Au chapitre des sujets clivants, on pourrait aussi parler de la reconnaissance faciale ou de l’exploitation des données. Les évoquer publiquement fait immédiatement sortir du bois toutes sortes d’opposants énervés. Beaucoup de postures radicales relèvent de l’idéologie et du militantisme et tout débat devient vite compliqué. Pourtant, sans sacrifier sa vie privée sur l’autel du big data, s’opposer définitivement à telle ou telle technologie a-t-il vraiment un sens ? Tout est question de nuance et de positionnement de curseur. Aujourd’hui, nous avons certainement besoin de reconnaissance faciale et de traitement de données dans bien des domaines, comme le montre, par exemple, le succès de Parafe aux aéroports ou de Covid Tracker et de Doctolib en matière de santé. D’aucuns regrettent que certaines de ces réalisations ne soient pas d’initiative publique alors que d’autres, au contraire, se réjouissent que le privé puisse suppléer l’Etat et alléger sa charge.

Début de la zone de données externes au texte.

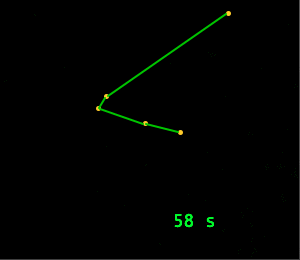Les cinq lumières à 58 s (fin de la vidéo), la lumière la plus à l'est commence à rattraper son retard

C’est un débat intéressant mais qui vire vite, malheureusement, aux anathèmes.

Idéologie de la nuance 

Personnellement, en tant que journaliste dans la tech, je ne conçois pas mon travail comme une entreprise de démolition de tel ou tel au nom d’une idéologie. Poser toutes les questions, écouter toutes les réponses et explorer tous les aspects, oui. Nier certains faits et en grossir d’autres pour servir une certaine argumentation, non. Je ne défends aucun camp par rapport à un autre, je n’ai aucun lien commercial avec les entreprises auxquelles je donne la parole (et si j’en avais cela ne m’empêcherait pas de poser toutes les questions). Je cherche juste à aider tout un chacun à comprendre au mieux ce monde complexe, en portant la totalité des éléments et des points de vue à la connaissance de tous. Je n’ai aucun message politique à faire passer ni personne à convaincre. Je ne suis pas un saint, juste un journaleux. Bien sûr, je l’avoue, mon fort tropisme technophile me fait pencher largement pour l’hyperconnectivité, la publicité ciblée, l’authentification par reconnaissance faciale ou le vote électronique, mais jamais aveuglément et sans contrepoint. Ma seule idéologie est celle de la nuance.